El plural del título, Américas Latinas, apunta igualmente a esta voluntad crítica, en este caso respecto al uso de una noción homogeneizadora para nombrar un mundo plural y cuya latinidad sólo es parcial. Además, la perspectiva hemisférica que implica la inclusión de los activismos “latinos” de los Estados Unidos reestablece una realidad histórico-social anclada en dos fenómenos centrales del periodo contemporáneo del continente: el imperialismo estadounidense y la migración masiva Sur-Norte.
Los “activismos culturales” tratados en el dossier llevan al lectxr de La Plata a Chicago pasando por Buenos Aires, Lima, Bogotá, Medellín, San José y San Diego. Una cartografía que trasluce el carácter eminentemente urbano de estas prácticas y de la centralidad de la calle como espacio político y de creación.

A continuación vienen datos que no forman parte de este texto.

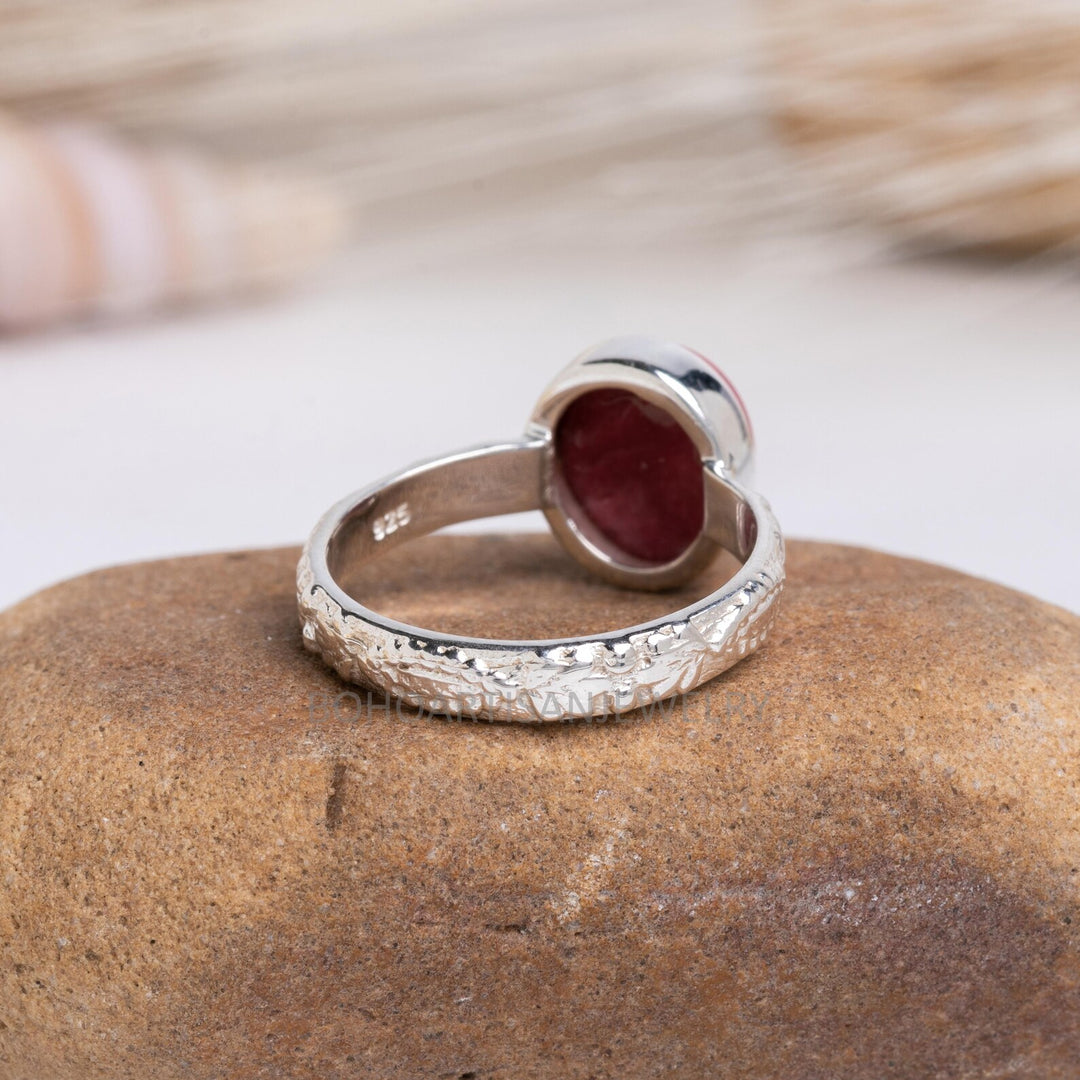 Floral Sterling Silver Thulite Ring: Handmade Boho Jewelry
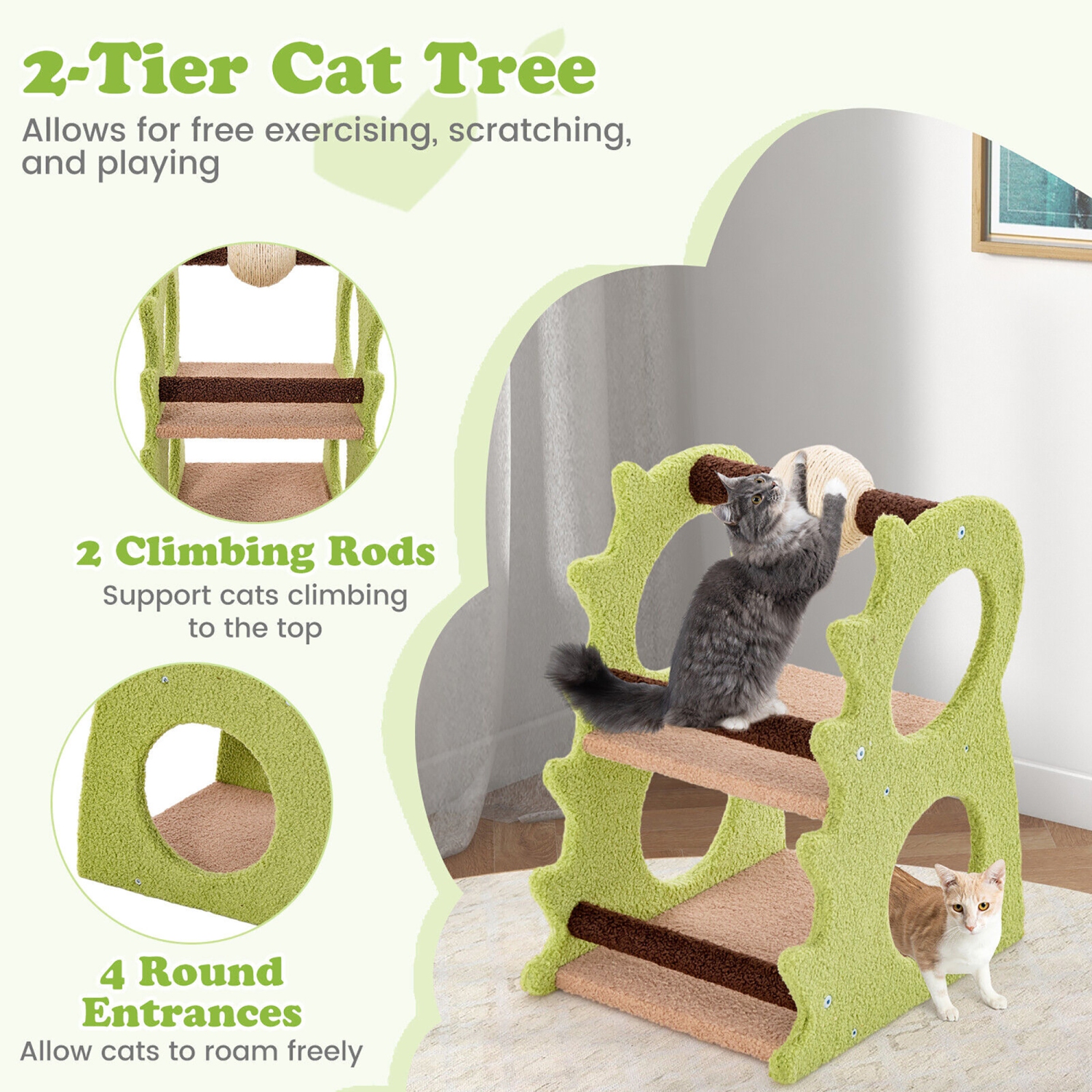 Gymax 2-Tier Dinosaur Cat Tree Tower w/ Rotating Scratching Sisal Ball Climbing Rods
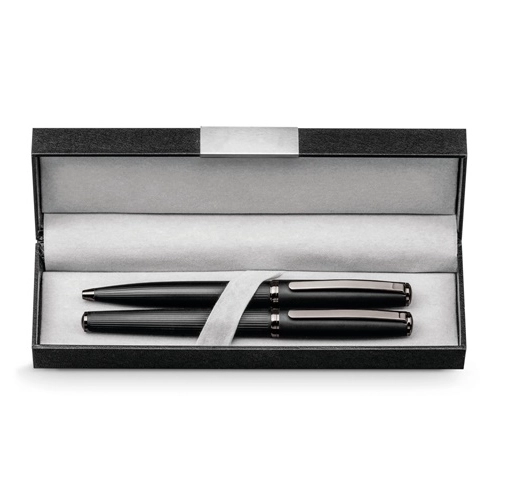 black IMPERIO. Juego de roller y bolígrafo de metal con mecanismo de giro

Espacio público y acción colectiva, elementos constitutivos del militantismo político tradicional, caracterizan igualmente el activismo cultural contemporáneo a pesar de la emergencia en las dos últimas décadas del ciberespacio en tanto que lugar de lucha y resistencia como resultado de la generalización y la democratización del uso de las nuevas tecnologías —particularmente blogs y redes sociales que implican lo colectivo—.
Entre los múltiples actorxs que descubrimos de un artículo al otro, resulta particularmente significativa, por su relativa novedad, la presencia de grupos o individuos de la “marginalidad” social y económica que por un concurso de circunstancias diversas acceden a la práctica cultural y artística que sistémicamente les está vedada y a través de la cual no solo construyen una contestación política radical, sino que también actúan como medio de reparación e integración en el cuerpo social.

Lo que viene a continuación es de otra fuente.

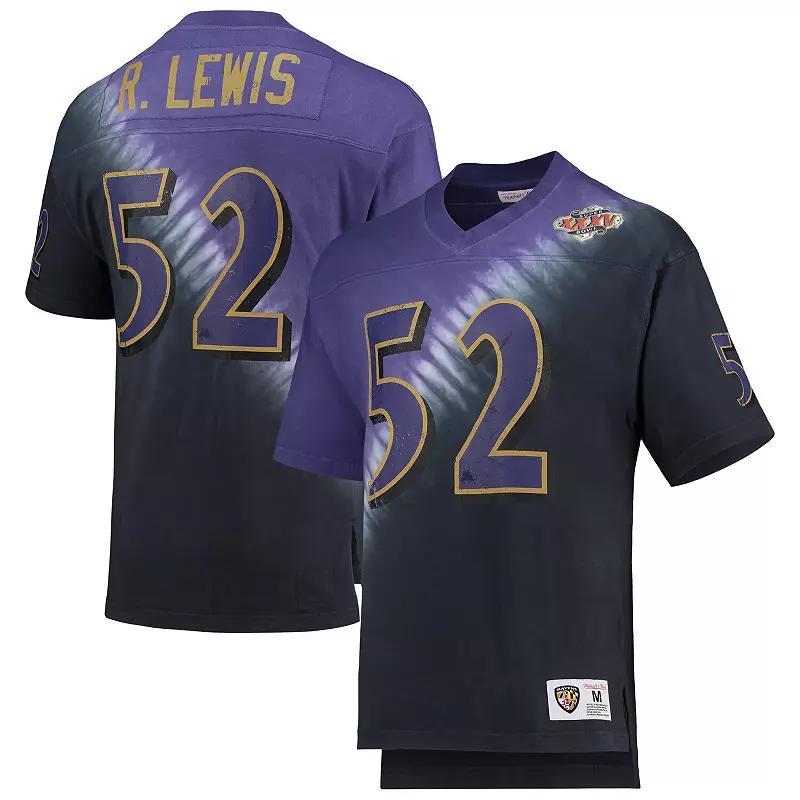 Mens Mitchell & Ness Ray Lewis /Black Baltimore Ravens Retired Player Name & Number Diagonal Tie-Dye V-Neck T-Shirt Product Image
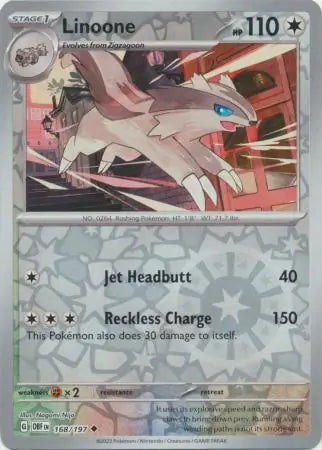 Linoone 168/197 (SV03: Obsidian Flames)  - Reverse Holofoil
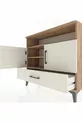 Commode Arges avec 3 étagères, 1 tiroir et 2 portes, en pin-pierre d'ardoise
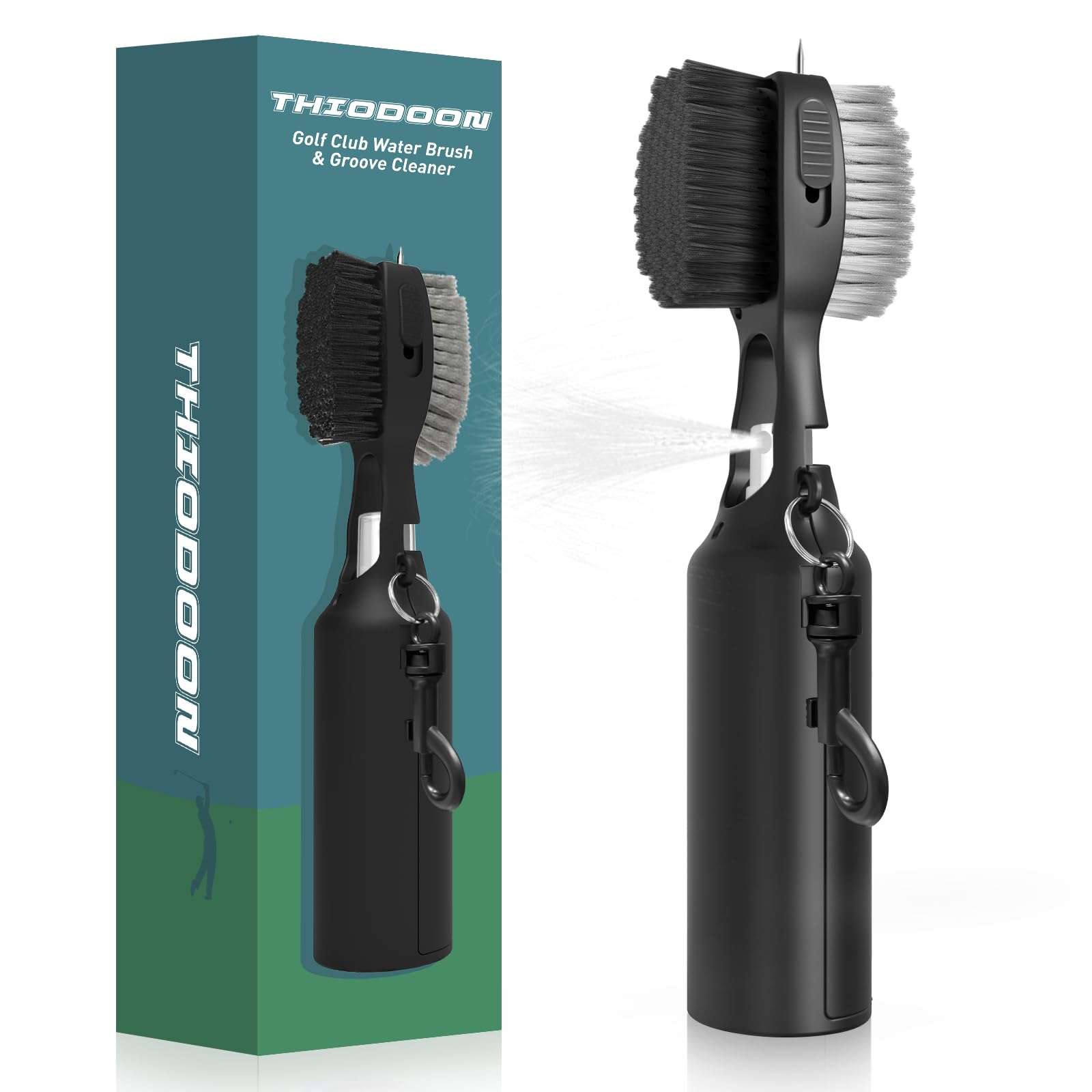 THIODOON 2 Pack Golf Club Brushes and Groove Cleaner 2 ft Retractable Zipline Carabiner Golf Brush Head with Retractable Spike Comfortable Grip Golf Club Cleaner - Image 1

A pesar de la extrema contemporaneidad de la gran mayoría de los ejemplos, su filiación con los movimientos de las décadas de 1970-1980 es explícita y de ahí también un peso importante de las cuestiones ligadas a la memoria histórica.
En fin, el conjunto de los textos aquí reunidos manifiesta nítidamente la potencialidad y la centralidad de la práctica artística-cultural como medio de acción político-social tanto por su capacidad para ocupar los espacios como por su carácter inclusivo, creativo y emancipador. Trasluce también una indiscutible efervescencia y centralidad latinoamericana en la esfera del activismo cultural en relación al amplio espectro social que abarca, los planteamientos que lo animan, los procesos que pone en marcha y las formas que adopta.